Brain teaser

[elioruzan]

Hi,
I stumbled upon this question on Facebook and I tried to solve it unsuccessfully.
I saw in the comments people talking about symmetry in their solutions but I didn't understand them.
To me it seems there is insufficient info because the heights and widths of A and B share constraints, but there are still 2 variables.
Any help would be greatly appreciated.

 

[lev888]

Not sure which symmetry they had in mind... I would try the following approach:
Pick an arbitrary height for A, call it h. What's the area of A? Now, what is the maximum area of B? It will be a function of h. What's the total area? Again, this is a function of h. Maximize it.

 

[blamocur]

I haven't solved it, but using Lagrange multipliers looks promising.

 

[fresh_42]

If you use polar coordinates you will only have two angles as variables and $f(\varphi_a,\varphi_b)=\sin(2\varphi_a)+\sin(2\varphi_b)-2\sin(\varphi_a )\cos(\varphi_b)$ but the solution that WA has found is a bit strange (~78,7%):

maximize (sin(2x) +sin(2y) - 2*cos(y) *sin(x) ) where 0<x< pi/2 and 0<y< pi/2 - Wolfram|Alpha

Wolfram|Alpha brings expert-level knowledge and capabilities to the broadest possible range of people—spanning all professions and education levels.

www.wolframalpha.com

 

[mario99]

Hi,
I stumbled upon this question on Facebook and I tried to solve it unsuccessfully.
I saw in the comments people talking about symmetry in their solutions but I didn't understand them.
To me it seems there is insufficient info because the heights and widths of A and B share constraints, but there are still 2 variables.
Any help would be greatly appreciated.

You can solve the problem by symmetry or Lagrange multiplier. But I prefer polar coordinate.

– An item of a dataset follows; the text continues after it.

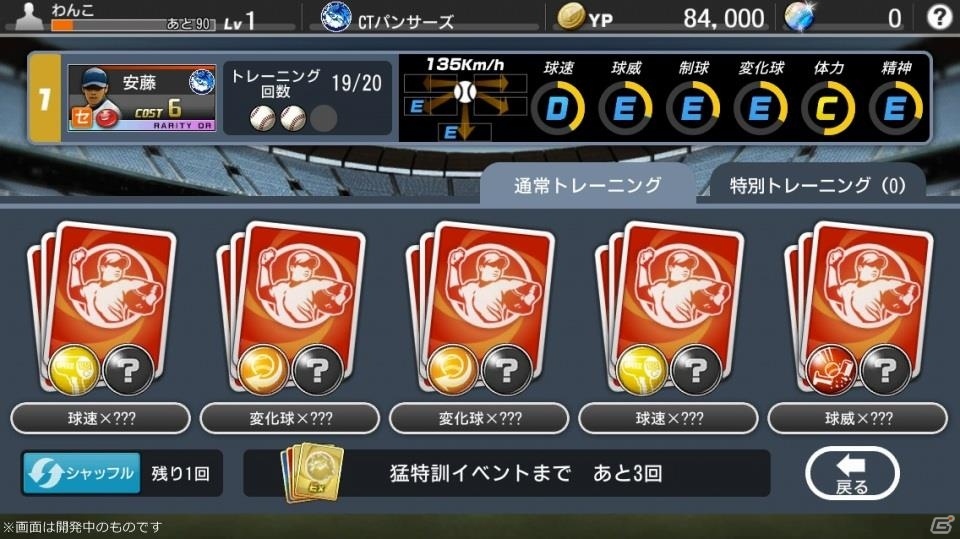 プロ野球にまつわる要素がてんこ盛り！PC版「野球つく！！」プレミアムテストのプレイレポートをお届けの画像37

Let $A_1$ be the area of the first rectangle and let $A_2$ be the area of the second rectangle.

$A_1 = x_1y_1$
$A_2 = x_2y_2$

$x = r\cos\theta$
$y = r\sin\theta$

Then

$A_1 = r^2\cos\theta_1\sin\theta_1$
$A_2 = r^2\cos\theta_2\sin\theta_2$

Or

$\displaystyle A_1 = \frac{r^2}{2}\sin2\theta_1$

$\displaystyle A_2 = \frac{r^2}{2}\sin2\theta_2$

$\displaystyle A = A_1 + A_2 = \frac{r^2}{2}\sin2\theta_1 + \frac{r^2}{2}\sin2\theta_2 = \frac{r^2}{2}(\sin2\theta_1 + \sin2\theta_2)$

Now think about it. To get the maximum area, you want $\sin2\theta_1 + \sin2\theta_2$ to be maximum.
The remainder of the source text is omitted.